§ **GOAL OF THE EXERCISE**:
Every line of the listing below from the one with "Hình ảnh hiếm" up to and including the one with "Bild in Galerie-Betrachter" should be retyped exactly, and nothing else; pictures are not part of the copy.

§ **DATA SUPPLIED**:
────

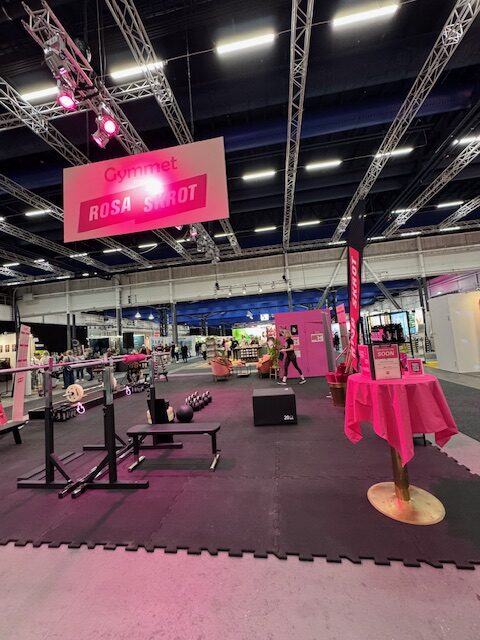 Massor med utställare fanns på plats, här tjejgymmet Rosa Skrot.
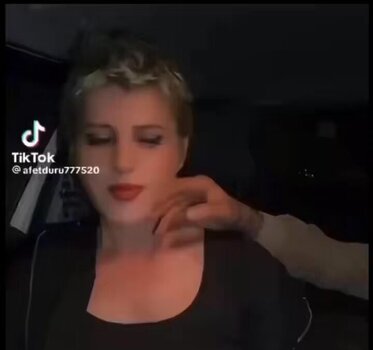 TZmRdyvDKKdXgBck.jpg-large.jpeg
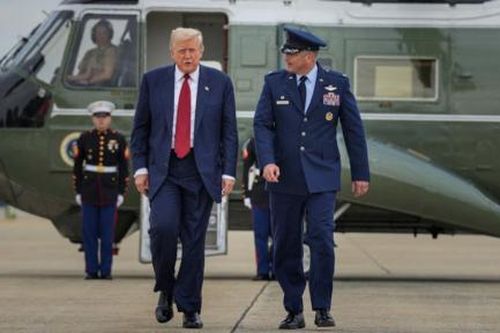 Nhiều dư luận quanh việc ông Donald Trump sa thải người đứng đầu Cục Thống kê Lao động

────

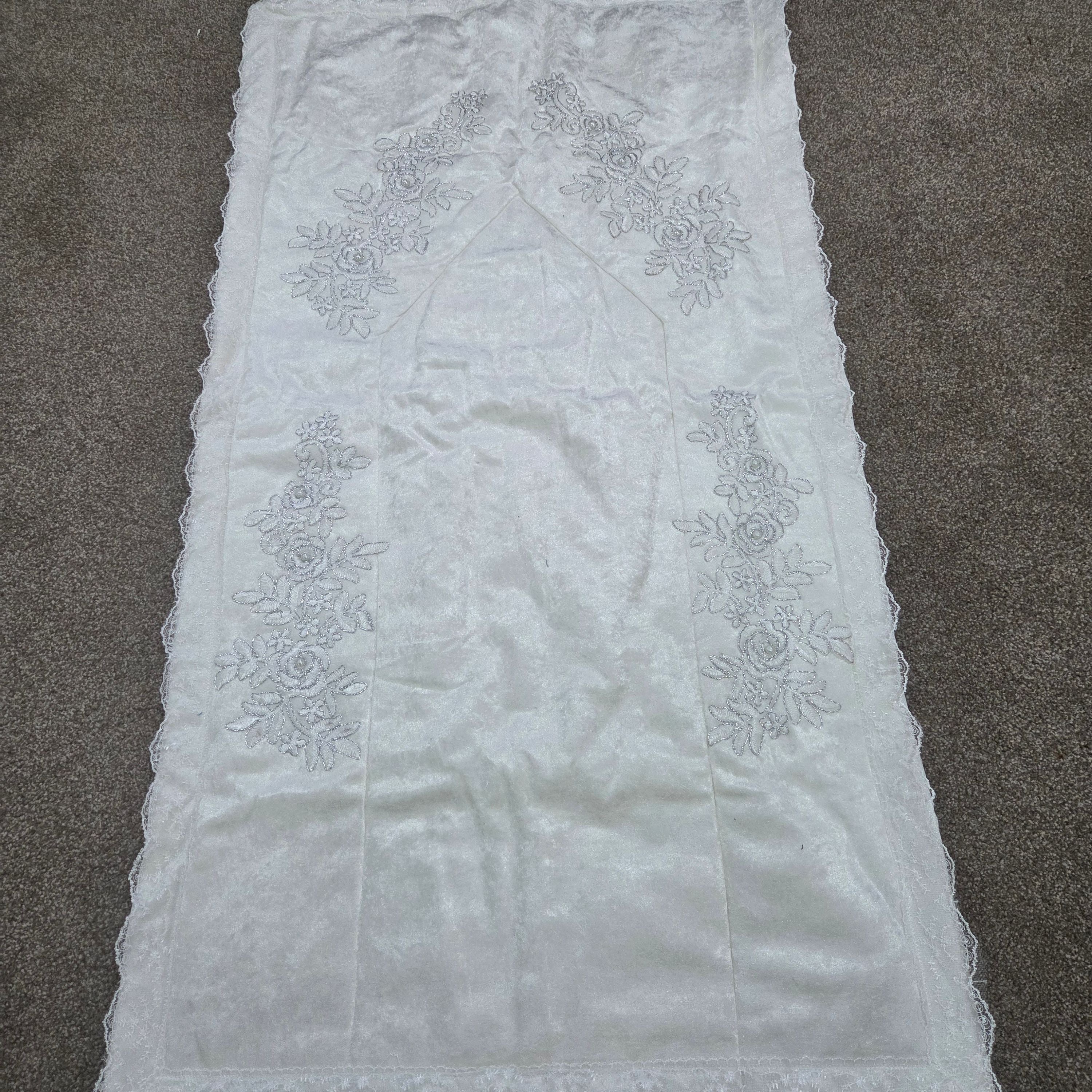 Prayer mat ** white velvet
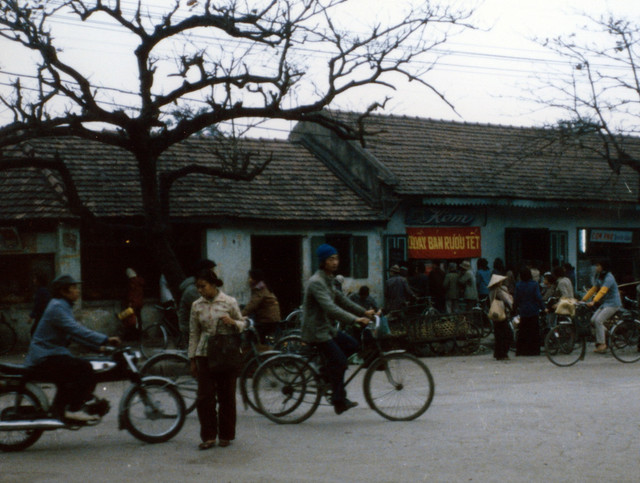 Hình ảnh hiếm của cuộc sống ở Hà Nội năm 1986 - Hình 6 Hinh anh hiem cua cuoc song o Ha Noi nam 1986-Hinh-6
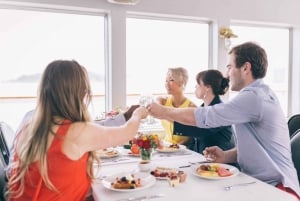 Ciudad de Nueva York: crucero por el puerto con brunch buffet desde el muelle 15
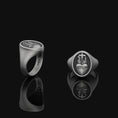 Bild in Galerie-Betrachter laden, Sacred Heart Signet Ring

────

§ **SOLUTION TO THE PROBLEM**:
 Hình ảnh hiếm của cuộc sống ở Hà Nội năm 1986 - Hình 6 Hinh anh hiem cua cuoc song o Ha Noi nam 1986-Hinh-6
 Ciudad de Nueva York: crucero por el puerto con brunch buffet desde el muelle 15
 Bild in Galerie-Betrachter laden, Sacred Heart Signet Ring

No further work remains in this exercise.